Remove Accents from Strings in MuleSoft

Remove Accents from Strings in MuleSoft

A diacritic (also diacritical mark, diacritical point, diacritical sign, or accent) is a glyph added to a letter or basic glyph.

The main use of diacritical marks in the Latin script is to change the sound values of the letters to which they are added. Here you can get more details.

Now let us talk about the use case we are trying to solve.

We want to strip these accents from words to their original form.

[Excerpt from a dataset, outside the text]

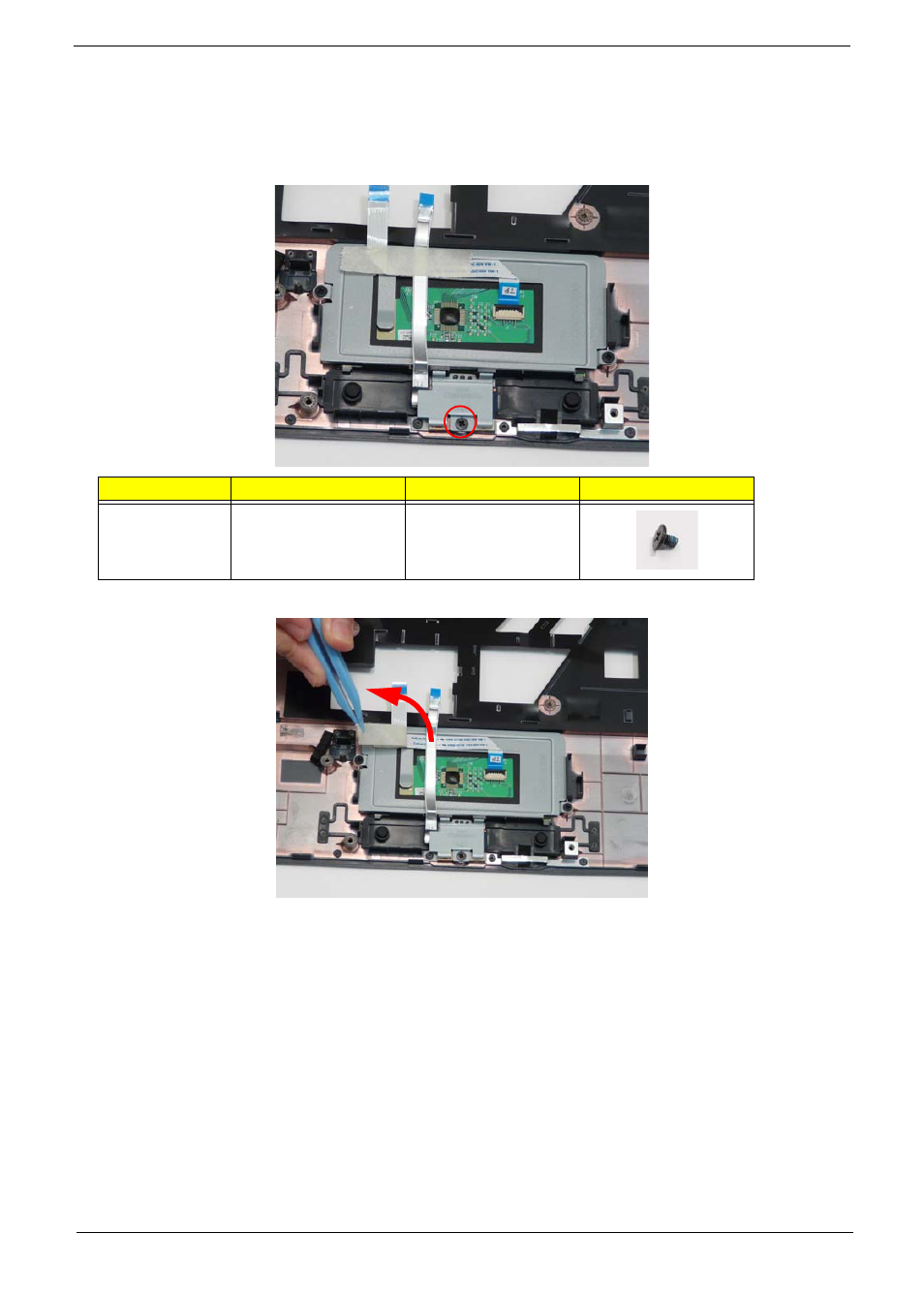 Removing the finger print reader | Acer 4740G User Manual | Page 87 / 218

Example: José Alberto should give Jose Alberto

The Approaches

  1. Using Custom Java Code

We can create a simple Java Class called StringUtils under src/main/java.

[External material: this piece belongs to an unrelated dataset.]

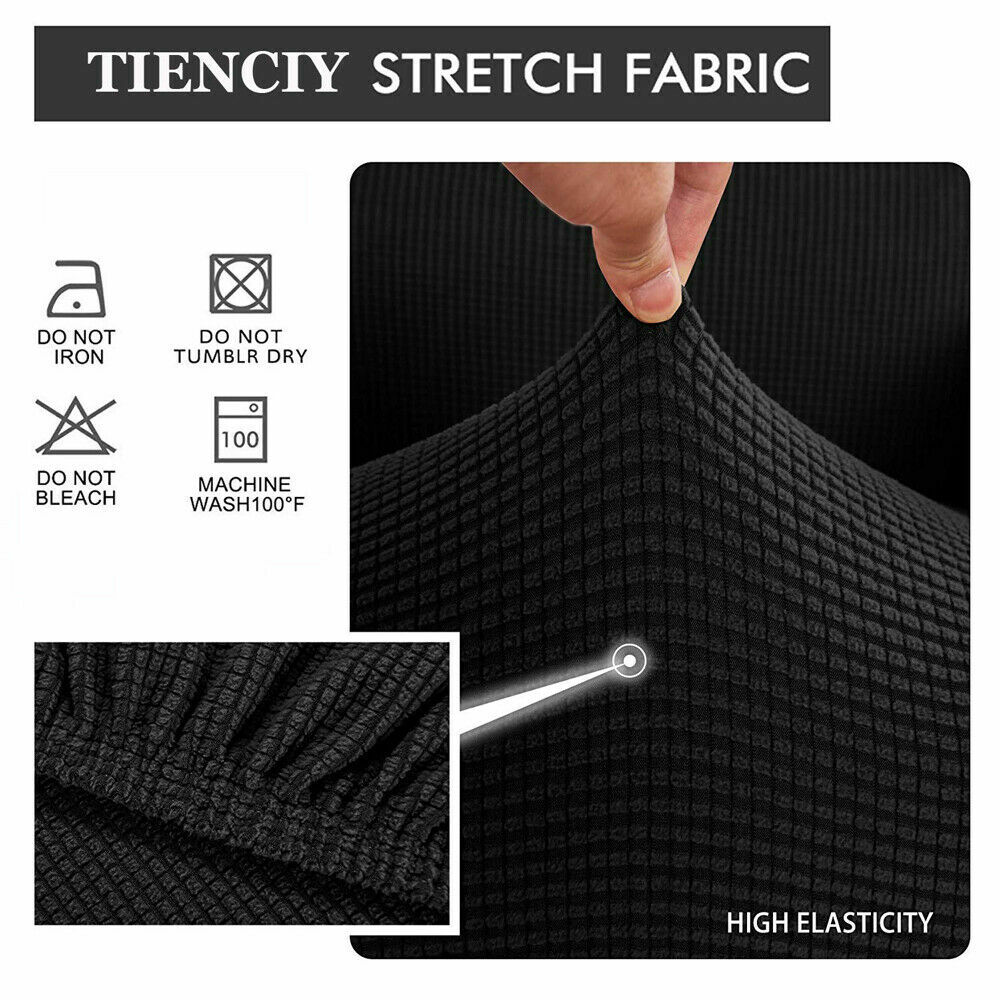 ANMINY Couch Chair Sofa Seat Cushion Cover Soft Waffle Pattern Stretch Slipcover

The code should look like below:

package utility;

import java.text.Normalizer;

public class StringUtils {
	public static String stripAccents(String src) {
		return Normalizer.normalize(src, Normalizer.Form.NFD).replaceAll("[^\\p{ASCII}]", "");
	}
}

We can then import this in a Java connector or better to use it in Dataweave as below:

%dw 2.0
import java!utility::StringUtils
output application/json
---
{
	name1: StringUtils::stripAccents("Santiago Muñez"),
	name2: StringUtils::stripAccents("Mesut Özil")	
}

Here we import the java class using import java!utility::StringUtils

The output:

2. Using Apache Commons Lang

First, we will add the maven dependency to pom.xml

<dependency>
    <groupId>org.apache.commons</groupId>
    <artifactId>commons-lang3</artifactId>
    <version>3.12.0</version>
</dependency>

Next, we will directly import it in Dataweave and call the stripAccents function

%dw 2.0
import java!org::apache::commons::lang3::StringUtils
output application/json
---
{
	name1: StringUtils::stripAccents("Santiago Muñez"),
	name2: StringUtils::stripAccents("Mesut Özil")	
}

Here we import the Java code from the Apache Commons lang package.

The output:

Hope you liked it and will be useful in some of your integrations.

Cheers.